• [Exercise directions]
Every line of the entries below from the one containing "102 Little House" to the one containing "Due bicchieri di", both ends included, must be written out exactly. No other line belongs in the answer.

Segment Start: Data under study

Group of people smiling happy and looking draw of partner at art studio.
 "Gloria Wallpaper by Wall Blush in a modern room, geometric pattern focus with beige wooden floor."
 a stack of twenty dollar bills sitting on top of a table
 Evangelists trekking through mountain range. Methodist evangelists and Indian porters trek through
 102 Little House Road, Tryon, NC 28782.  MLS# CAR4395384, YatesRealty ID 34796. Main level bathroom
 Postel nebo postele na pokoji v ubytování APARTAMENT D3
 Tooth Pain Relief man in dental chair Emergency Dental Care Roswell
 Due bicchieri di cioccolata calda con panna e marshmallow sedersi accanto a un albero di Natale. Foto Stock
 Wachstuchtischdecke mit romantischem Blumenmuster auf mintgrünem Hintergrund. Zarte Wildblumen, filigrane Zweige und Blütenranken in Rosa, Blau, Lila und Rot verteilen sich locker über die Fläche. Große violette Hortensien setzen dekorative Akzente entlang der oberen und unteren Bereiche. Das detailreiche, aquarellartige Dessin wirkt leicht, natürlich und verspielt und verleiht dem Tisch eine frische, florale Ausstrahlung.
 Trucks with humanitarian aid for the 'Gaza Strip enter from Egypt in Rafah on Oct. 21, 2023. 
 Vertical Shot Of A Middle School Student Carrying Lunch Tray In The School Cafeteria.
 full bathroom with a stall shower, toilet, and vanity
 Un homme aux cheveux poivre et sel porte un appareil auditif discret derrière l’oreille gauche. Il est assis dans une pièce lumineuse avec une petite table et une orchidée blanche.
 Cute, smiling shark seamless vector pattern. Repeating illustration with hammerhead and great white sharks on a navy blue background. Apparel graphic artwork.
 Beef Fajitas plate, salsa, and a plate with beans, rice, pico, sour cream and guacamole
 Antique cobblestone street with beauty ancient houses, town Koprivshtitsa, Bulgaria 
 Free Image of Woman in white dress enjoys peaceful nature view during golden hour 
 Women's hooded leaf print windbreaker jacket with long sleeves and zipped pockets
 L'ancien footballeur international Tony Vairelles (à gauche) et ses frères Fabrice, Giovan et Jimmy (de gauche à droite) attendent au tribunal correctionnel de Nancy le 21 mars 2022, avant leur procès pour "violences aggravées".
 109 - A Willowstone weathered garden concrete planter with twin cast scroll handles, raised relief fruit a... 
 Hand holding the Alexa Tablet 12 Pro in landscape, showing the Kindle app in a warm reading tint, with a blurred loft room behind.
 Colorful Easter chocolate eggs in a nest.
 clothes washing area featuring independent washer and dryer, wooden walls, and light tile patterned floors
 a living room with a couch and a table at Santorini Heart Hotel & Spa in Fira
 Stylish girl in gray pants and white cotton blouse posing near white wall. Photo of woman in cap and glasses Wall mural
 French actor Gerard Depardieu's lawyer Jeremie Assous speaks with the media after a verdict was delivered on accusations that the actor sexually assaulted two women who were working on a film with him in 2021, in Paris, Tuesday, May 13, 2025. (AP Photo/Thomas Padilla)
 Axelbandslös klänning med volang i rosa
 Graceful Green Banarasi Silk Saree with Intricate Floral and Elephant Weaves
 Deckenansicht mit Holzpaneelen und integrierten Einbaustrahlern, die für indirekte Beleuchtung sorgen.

Segment End: Data under study

• [Answer to this exercise]
 102 Little House Road, Tryon, NC 28782.  MLS# CAR4395384, YatesRealty ID 34796. Main level bathroom
 Postel nebo postele na pokoji v ubytování APARTAMENT D3
 Tooth Pain Relief man in dental chair Emergency Dental Care Roswell
 Due bicchieri di cioccolata calda con panna e marshmallow sedersi accanto a un albero di Natale. Foto Stock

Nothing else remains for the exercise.